It was once used as a weekend retreat by one of Britain’s best known prime minister’s and in the garden there is a unexpected but truly historic footprint. It is not known exactly when Roger Ashburnham built Scotney Castle but it is believed to have been sometime between 1358 and 1378, at a time when tensions between the English and French were particularly high. Therefore, his design most likely reflected the need for fortification.

No licence to crenellate has ever been found for Scotney Castle. The word ‘crenellate’ means to ‘fortify’ and such licences were granted by the King or hereditary noblemen, possessing special authority. The lack of a licence could mean that the fortification was done in the face of a perceived emergency and so formalities were ‘overlooked.’

In the 13th century, Walter de Scoteni was the owner of the earlier Scotney Castle. He was accused and found guilty of poisoning Richard, Earl of Gloucester, and his brother, William de Clare, and was hanged.

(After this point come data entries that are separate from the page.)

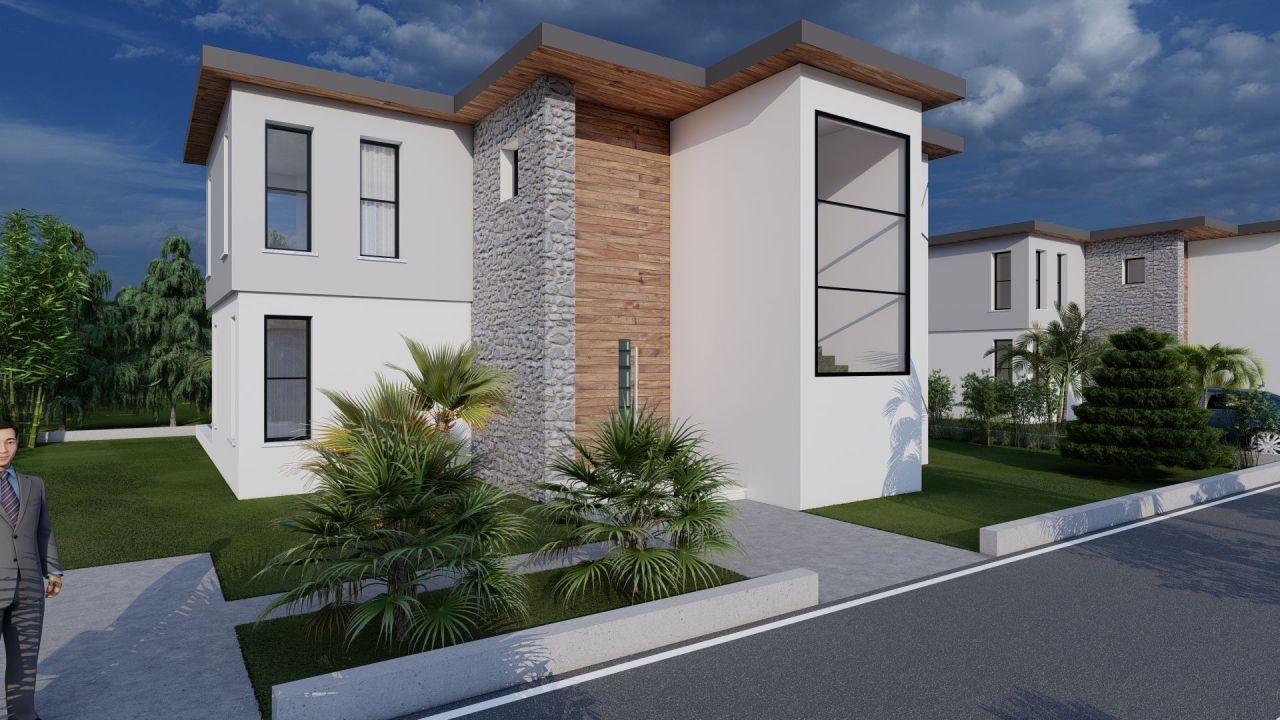 Вилла в Фамагусте, Кипр, 108 м² - фото 8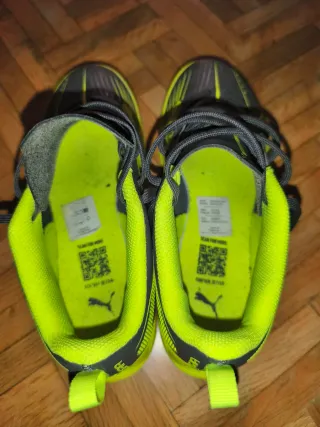 Zapatillas Fútbol Sala Puma Talla 34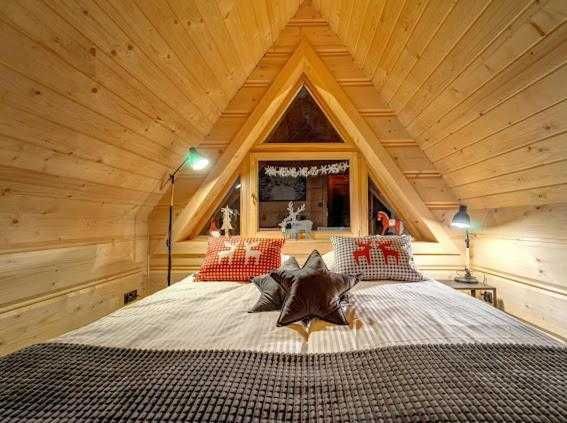 Domek z bali z jacuzzi i widokiem – Zakopane - Wolny termin Sylwester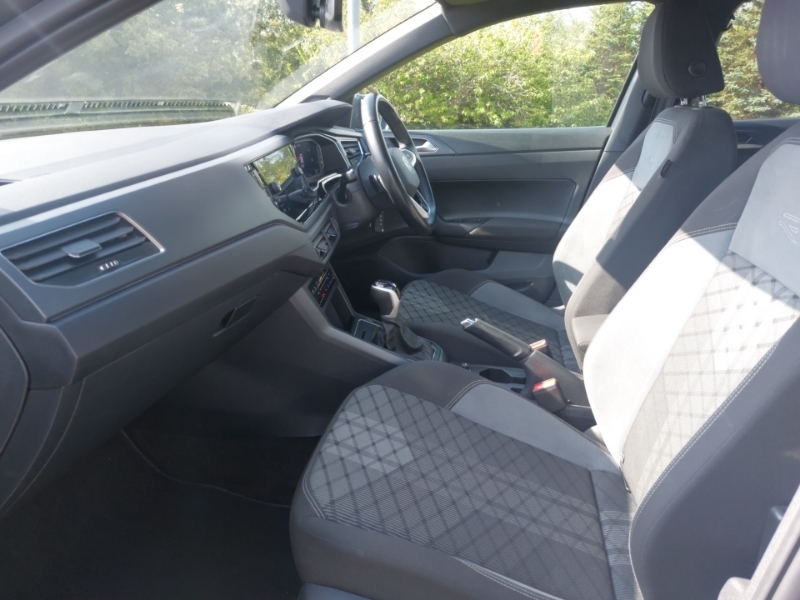 Volkswagen Polo 1.0 Tsi R-line Dsg LV24TLX Grey #5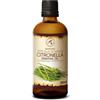AROMATIKA trust the power of nature Olio Essenziale di Citronella 100ml - Cymbopogon Winterianus - 100% Puro & Naturale Olio di Citronella - Bagno Aromatico - per Sauna - Massaggio - Cosmetici - Bottiglia di Vetro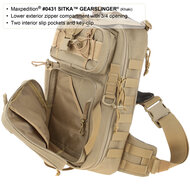 Maxpedition Sitka Gearslinger Khaki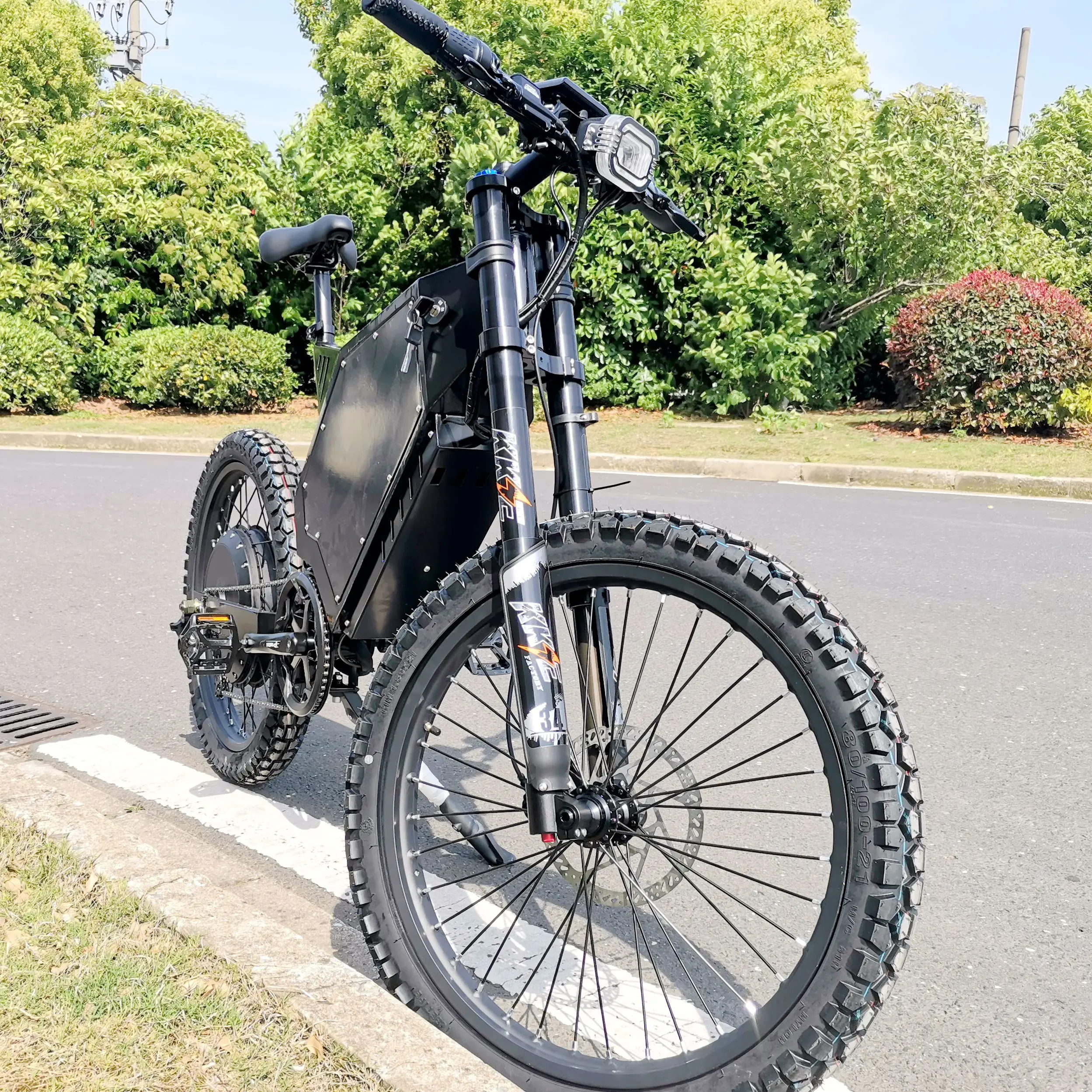 8000W Stealth Bomber Ebike - Bicicleta Elétrica Talaria 2025 8000W, Bicicleta
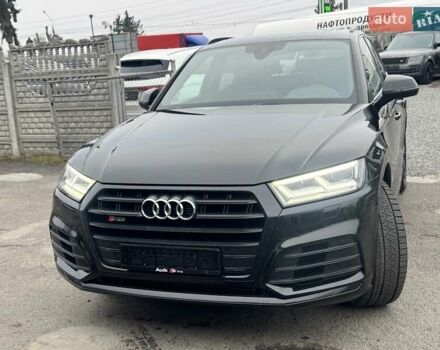 Черный Ауди SQ5, объемом двигателя 3 л и пробегом 69 тыс. км за 31900 $, фото 98 на Automoto.ua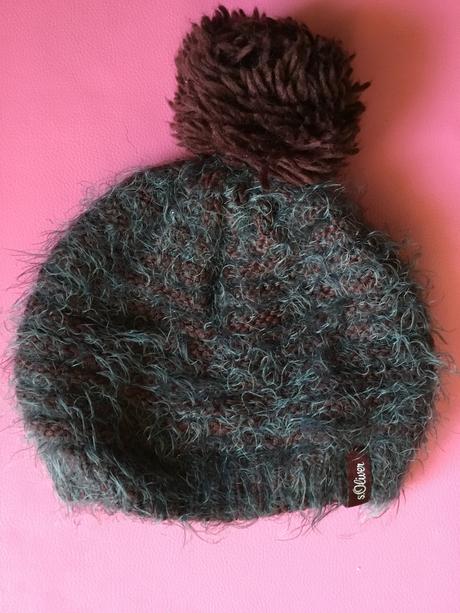 Krasna cepice s bambuli s.oliver, s.oliver,110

The estate remained in the family until the 1350’s, when it passed to the Ashburnham family. The original building may have been a manor house well before the time of fortification.
During the 15th century it became the home of Henry Chicheley, Archbishop of Canterbury who gave it to his niece when she married John Darrell.

Over the centuries there have been many changes to the original manor house that stood on the land before the fortification. In 1837, the then owner, Edward Hussey built a new house.
The only substantial remains of the original castle are the circular tower in the southern corner and the four piers of the Gatehouse entrance.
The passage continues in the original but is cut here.